Exercise:
Beginning with the line that contains "YOSHIMURA風 カーボンマフラー　60.5 Amazon", copy each subsequent line of the data below through the last one, including both ends but not the pictures.

Data supplied:

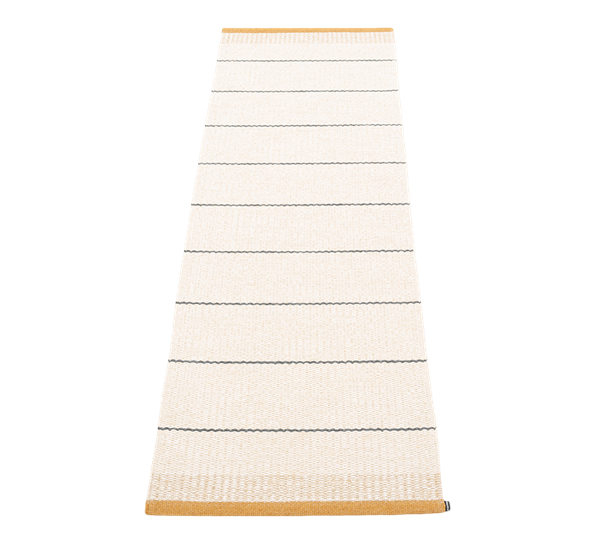 Belle matte oker 60x200 cm fra Pappelina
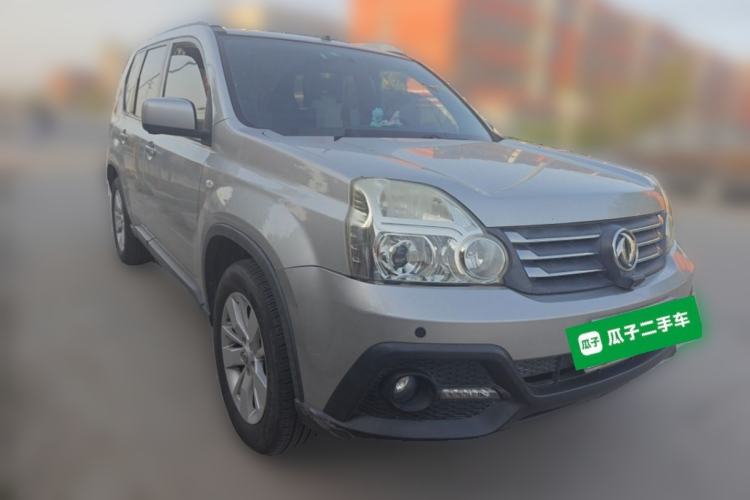 Used Dongfeng Fengdu MX6 2015 2.0L CVT 4x4 Dream Edition
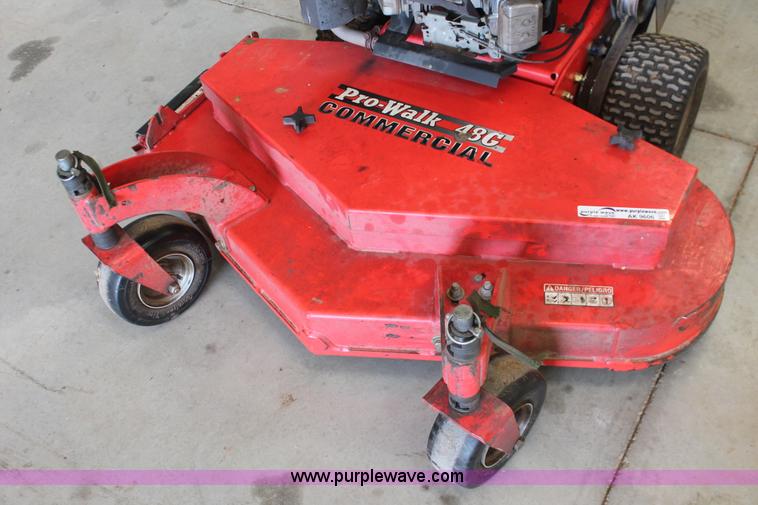 image for item AK9606 Gravely Pro-Walk 48G commercial lawn mower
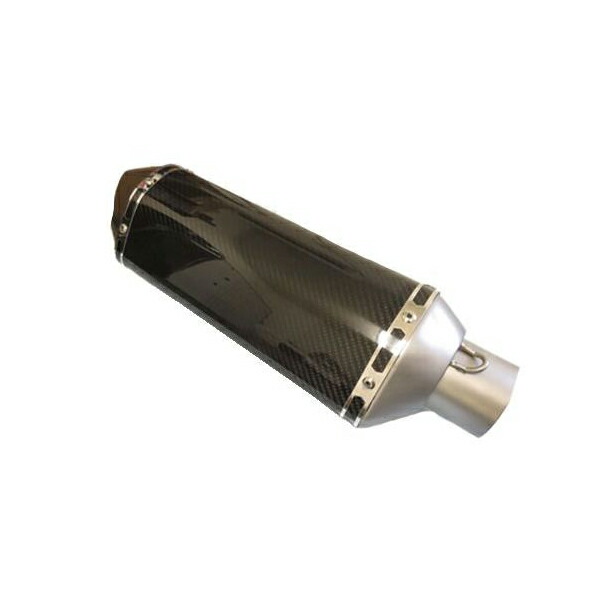 YOSHIMURA風 カーボンマフラー　60.5 Amazon | 汎用! 550MM 60.5MM カーボン CARBON サイレンサー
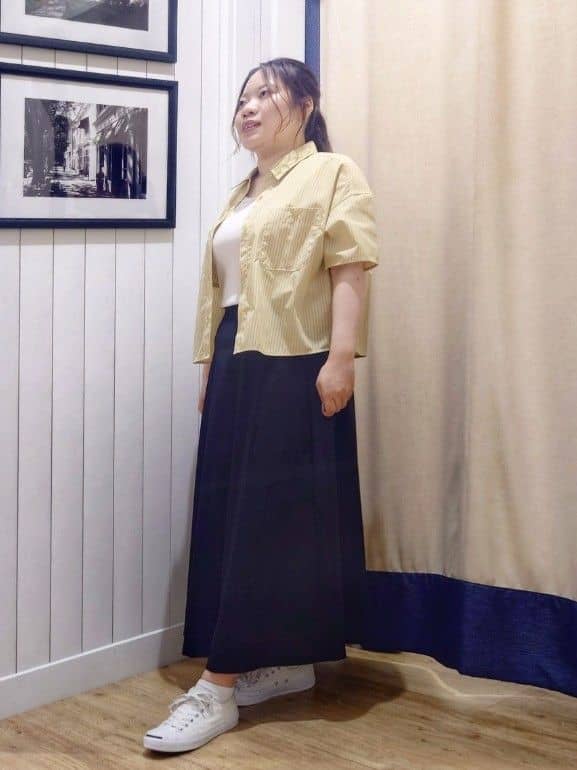 Haraさんの「Dessin｜」を使ったコーディネート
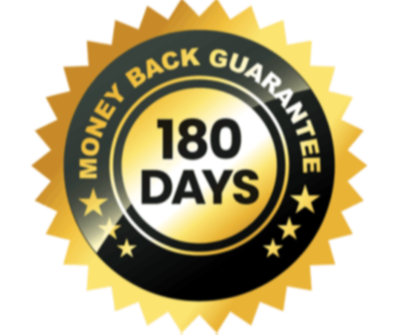 LiveCare 180days Money Back Guarantee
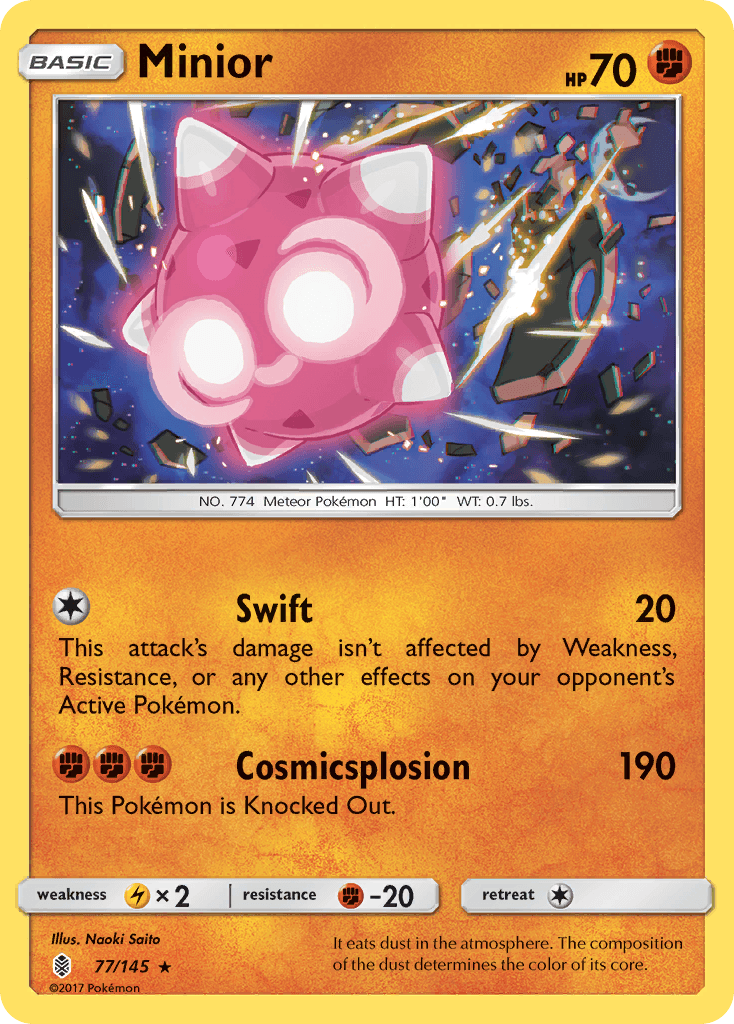 Minior Guardians Rising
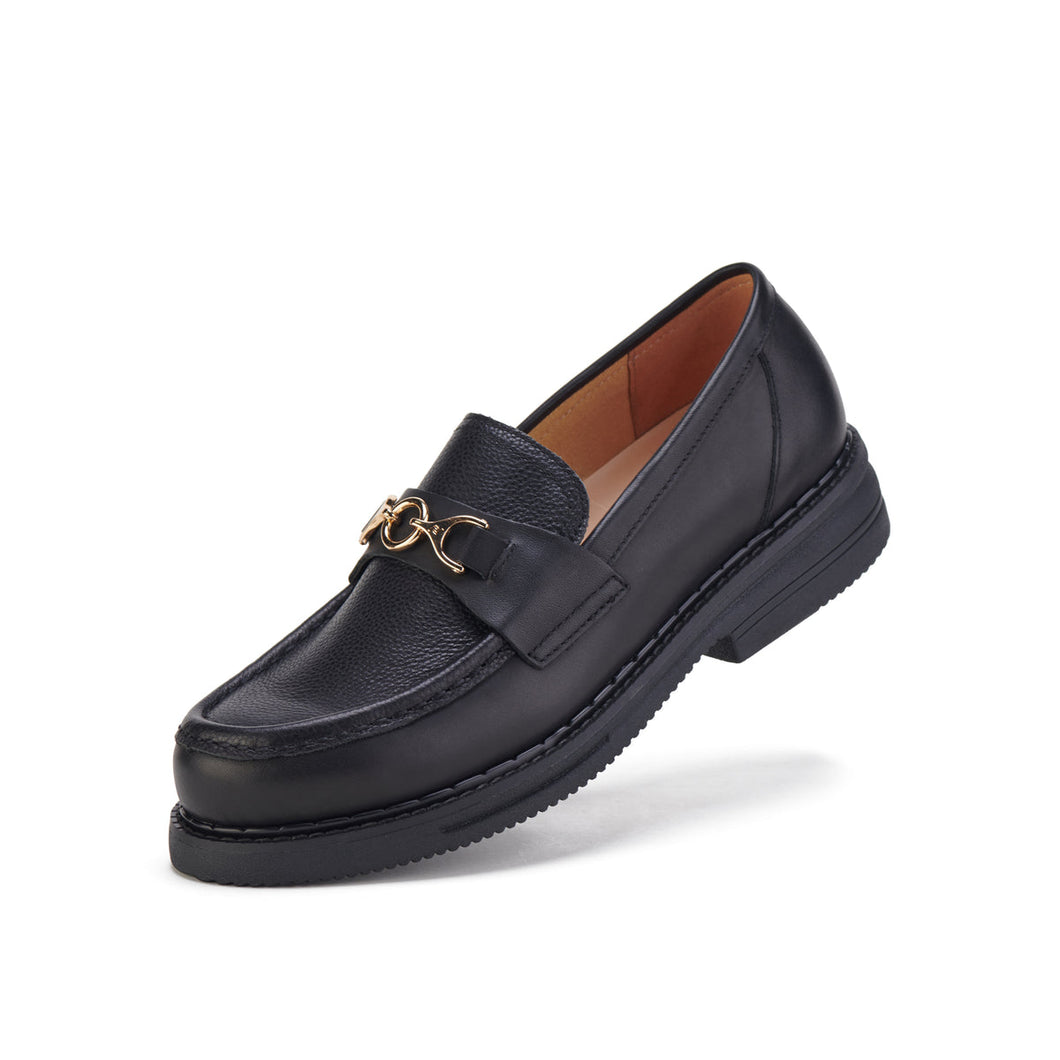 LOAFER RISE - BLACK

Answer for this exercise:
 YOSHIMURA風 カーボンマフラー　60.5 Amazon | 汎用! 550MM 60.5MM カーボン CARBON サイレンサー
 Haraさんの「Dessin｜」を使ったコーディネート
 LiveCare 180days Money Back Guarantee
 Minior Guardians Rising
 LOAFER RISE - BLACK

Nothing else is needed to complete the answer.